A trilogia ou o poeta usa parênteses invisíveis em sua fala

“São trabalhos de testemunho crítico da contemporaneidade. É o meu desejo, ou necessidade. (Como saber o limite entre essas coisas?) Eu tenho vontade, como artista, de olhar o mundo em que a gente vive e dar o meu depoimento após uma reflexão. E acho que, de alguma forma, isso pode ser quase novidadista hoje, porque não é o que está acontecendo. (Eu não sei o que está acontecendo direito, mas não é isso.) A grande parte dos trabalhos artísticos não tem esse viés, de querer parar e pensar ‘qualé, o que tá acontecendo no mundo?’

(Na noite anterior, ao final da apresentação, uma espectadora se revelou emocionada, chocada. ‘Não consegui fazer um som’, confessou. Outro, na saída, comentou que não conseguiu parar de rir, de tão engraçado que achou o espetáculo.)

“Que peças eles viram? Que vidas eles estão vendo? O único projeto que tem aqui, claro, é esse: de que não existe uma verdade. Essa é política da coisa. Não tem verdade, malandro.”

 

Dor na alma

“É uma experiência tão rica, fazer esse espetáculo.
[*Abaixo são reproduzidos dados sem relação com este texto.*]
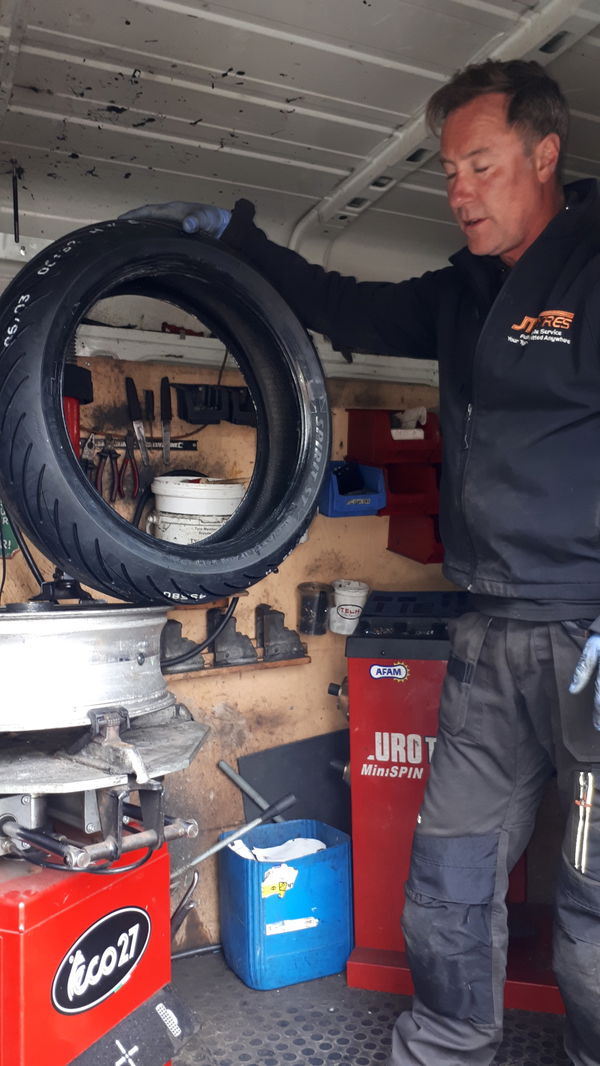 Blackbird Avon tyre fitting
Irmão, já aconteceu tanta coisa, já foi de tanto jeito, e eu gosto de que seja assim, de estar num lugar diferente, com um astral diferente. Se é doído? Às vezes. Já foi; teve um período do espetáculo em que comecei a confundir um pouco, e realmente, antes de entrar em cena eu pensava, nossa, quem vai estar aí, o que essas pessoas querem fazer comigo? Mas era uma distorção. Foi um período que eu fiquei meio apavorado, de “que dureza”, que situação grave. Eu continuo achando grave, mas hoje em dia no sentido artístico, metafórico. Ficou claro pra mim o que é um personagem do espetáculo, e o que sou eu.”

 

Dor no estômago

(Regurgitofagia termina e Melamed sai do palco às pressas, sem receber os aplausos do público.)
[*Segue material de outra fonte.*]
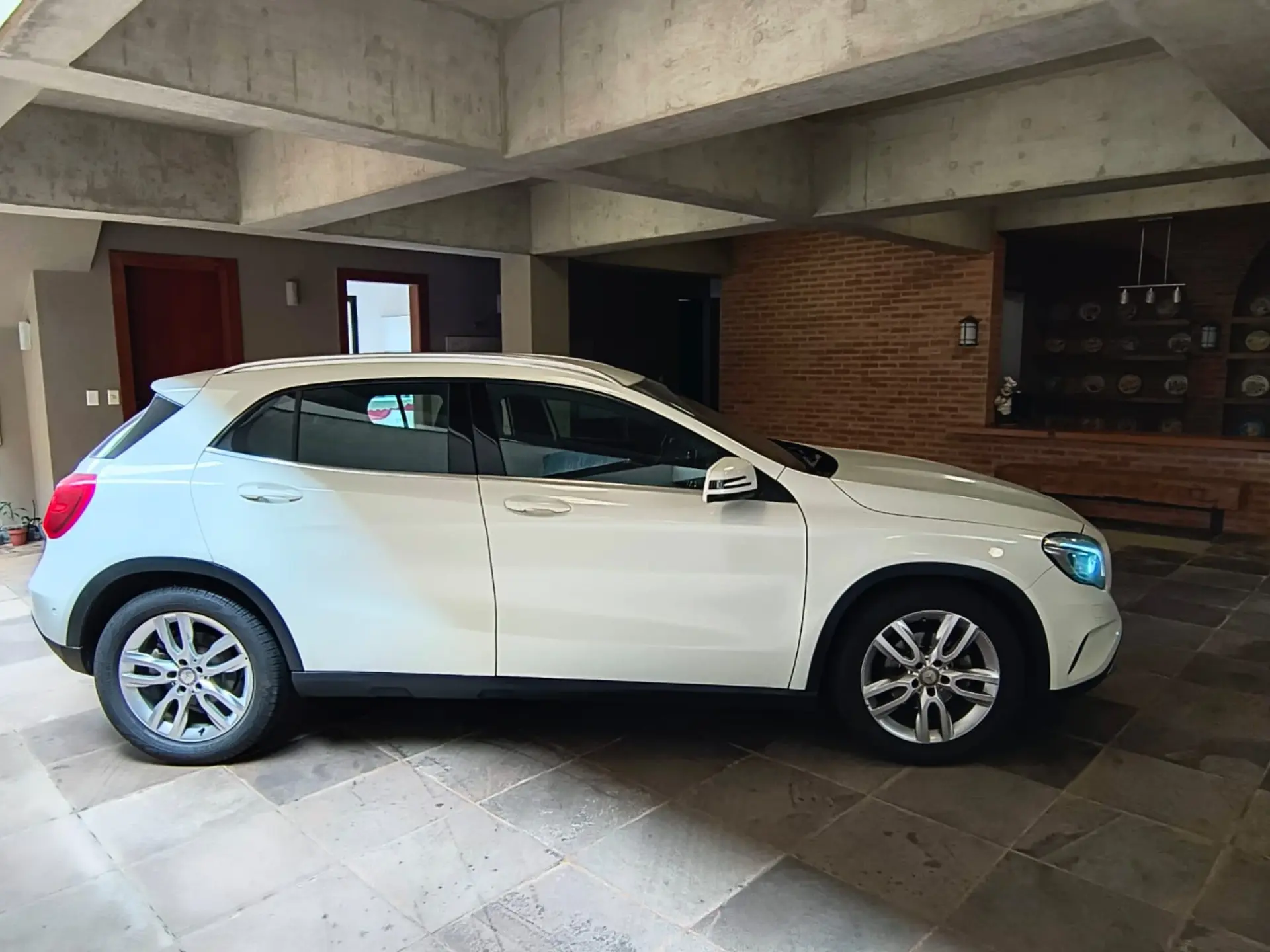 MERCEDES-BENZ GLA 200 Advance 1.6/1.6 TB 16V Flex Aut.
“É uma cena do espetáculo. Quer dizer – o tempo todo estamos falando ‘fodeu’, é emergencial, fodeu, taí, que promessa é essa, entendeu, não vai ser o paraíso, não vai ser a revolução francesa, a revolução industrial, não tá na aposentadoria, não tá no futuro. É aqui, é agora, é escroto mesmo, é isso. Nêgo rouba qualquer merda, que bosta generalizada que está acontecendo nesse planeta! Então isso é parte desse espetáculo, estamos falando de coisas reais que estamos pensando e sentindo, e não tem essa de terminou o espetáculo e ‘Ah! (aplaude) É o artista! Que maravilha! Acabou!’ Não, não tem descompressão, não tem, acabou e vai com isso daqui. Continua. A peça continua. Saiu daqui, vai ver a peça lá fora.” 

 

Para terminar, uma entrevista

– Tu jogas futebol?

– Adoraria jogar futebol, mas ninguém me chama! (risos) 

– Tu sentes as canelas ainda? Não perdeste a sensibilidade depois de tomar tanto choque?

– Não perde…

– Não deixa seqüelas?

– Não deixa não.

– Qual é o time que tu torces?

– O mais querido do Brasil, né? Mengão.